Choosing the Best Model

Based on the previous experiments I chose Logistic Regression as the classifier to use. Given the data available, all three models have comparable F1 scores (on the test data) but the Logistic Regression classifier is the fastest for both training and prediction when compared to K-Nearest Neighbor and Random Forests. In addition, the Logistic Regression classifier offers readily interpretable coefficients and L1 regression to sparsify the data, allowing us to see the most important of the variables when deciding who will pass their final exam.

Logistic Regression works by using optimization methods to find the best parameters for a function that calculates the probability that a student’s attributes (e.g. age, school, etc.) predicts that he or she will pass the final exam. When the Logistic Regression model is created, the parameters are adjusted to maximize the f1 score, a weighted average of the model’s precision and recall.

Once the model is created, it is used to predict whether a student will pass the exam by multiplying the student’s attributes by the model’s parameters and these products are summed and added to the intercept. The resulting sum is then converted to a probability - if the probability is greater than \frac{1}{2} the prediction will be that the student passed (passed=’yes’) otherwise it will be that the student did not pass (passed=’no’).

Fitting The Model

The Logistic Regression model was fit using sklearn’s GridSearchCV with 10 folds for the cross-validation. The parameters tested were the penalty-type (l1 or l2), C - the inverse of the regularization strength (the smaller the number the larger the penalty), and weights associated with each class.

The penalties refer to regularization penalties that shrink or eliminate variable-coefficients in the model. The l1 penalty refers to lasso regularization which causes some of the feature-variable coefficients to go to 0 if they don’t contribute as much to the model as the other, more significant variables. The l2 penalty refers to ridge regression which shrinks the coefficients but never pushes them all the way to 0. Since lasso regularization simplifies the model it might seem that it would be preferable, but it will only outperform ridge regression if there are differences in how much the variables contribute. If all the variables contribute equally to the model, then ridge regression will outperform the lasso (James G. et al., 2013).

C is the inverse of the regularization strength.
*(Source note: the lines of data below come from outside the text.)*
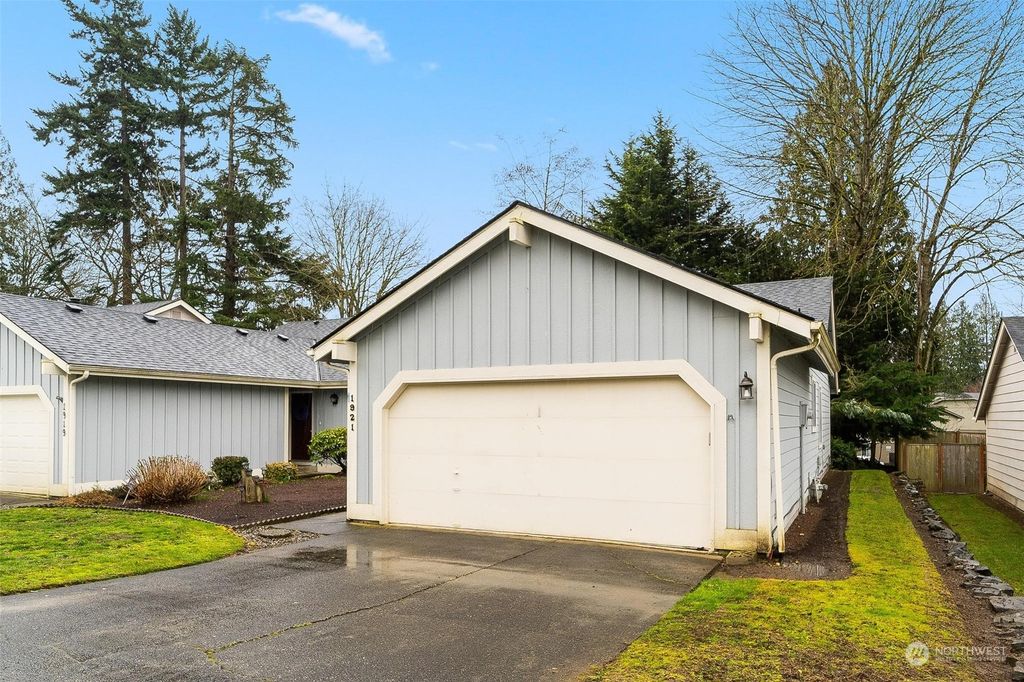 Photo of 1921 SW 307th Street, Federal Way, WA 98023 (MLS # 2203362)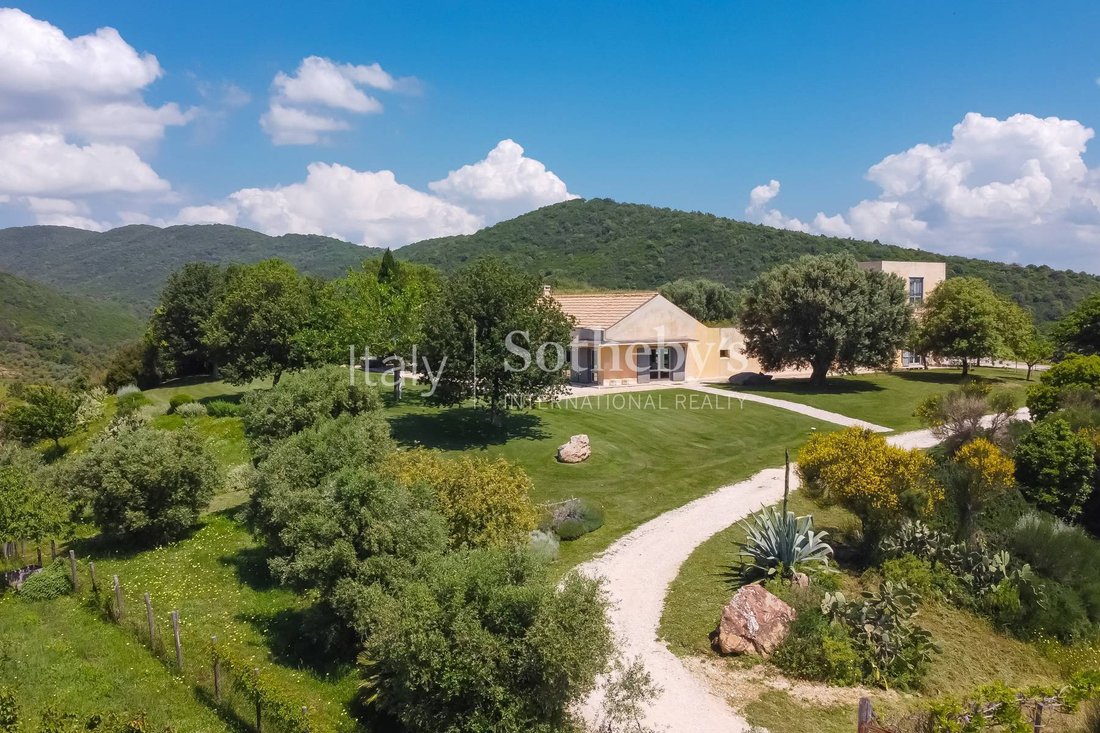 House in Manciano, Tuscany, Italy 3 - 12896760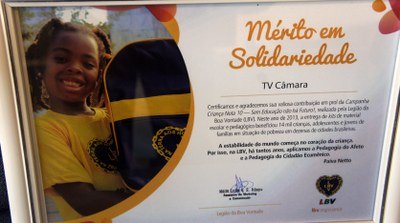 TV Câmara recebe diploma Mérito em Solidariedade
The stronger the regularization (and thus the smaller C is), the smaller the coefficients in the model will be and for lasso the fewer the coefficients it will have. Shrinking the coefficients too much or eliminating too many variables can weaken the model so how much regularization is needed is determined here using cross-validation.

The weights used for the classes were either 1, ‘balanced’ \left(\frac{\textit{number of samples}}{\textit{number of classes} \times \textit{<number of 0's in y, number of 1's in y>}}\right), or 0.67 for passed and 0.33 for didn’t pass.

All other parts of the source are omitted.